I am trying to create Hive external table using Beeline on top of S3 object storage using "S3a//" scheme.I have followed the official cloudera documentation and configured the below properties.
- fs.s3a.access.key
- fs.s3a.secret.key
- fs.s3a.endpoint
I am able to run hadoop fs -Dfs.s3a.access.key=<access_key> -Dfs.s3a.secret.key=<secret_key> -Dfs.s3a.endpoint=<host_port> -ls s3a://<bucket_name>/dir/
successfully and able to see the directories. So I know my credentials, bucket access, and overall Hadoop setup is valid.

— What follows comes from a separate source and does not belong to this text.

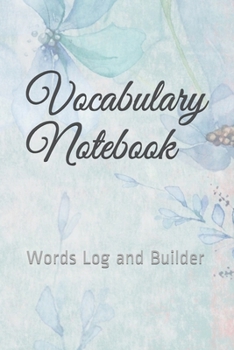 Paperback Vocabulary Notebook: Words Log and Builder Book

However, when I attempt to access the same s3 resources from hive(Beeline), e.g. run CREATE EXTERNAL TABLE statements using LOCATION 's3a://[bucket-name]/dir/', it fails.
Configurations
set fs.s3a.access.key=<access_key>;
set fs.s3a.secret.key=<secret_key>;
set fs.s3a.endpoint=<host:port>;
Query
CREATE EXTERNAL TABLE NAME_TEST_S3(name string, age int) ROW FORMAT DELIMITED FIELDS TERMINATED BY ',' STORED AS TextFile LOCATION 's3a://<bucket_name>/dir/'
I am getting below error.
ERROR : FAILED: Execution error, return code 40000 from org.apache.hadoop.hive.ql.ddl.DDLTask. MetaException(message:Got exception: java.nio.file.AccessDeniedException <bucket_name>: org.apache.hadooop.fs.s3a.auth.NoAuthWithAWSException: No AWS Credentials provided by TemporaryAWSCredentialsProvider SimpleAWSCredentialsProvider EnvironmentVariableCredentialsProvider IAMInstanceCredentialsProvider : com.amazonaws.sdkClientException: Unable to load AWS Credentials from environment variables (AWS_ACCESS_KEY_ID (or AWS_ACCESS_KEY) and AWS_SECRET_KEY (or AWS_SECRET_ACCESS_KEY)) (state=08S01, code=40000)
Note : I am using CDH-7.1.6 , Hive 3.1.3 and S3 object storage. I am able to access the same s3 resources using hadoop fs as well as using spark scala read api
Anyone have any idea what's missing from this equation?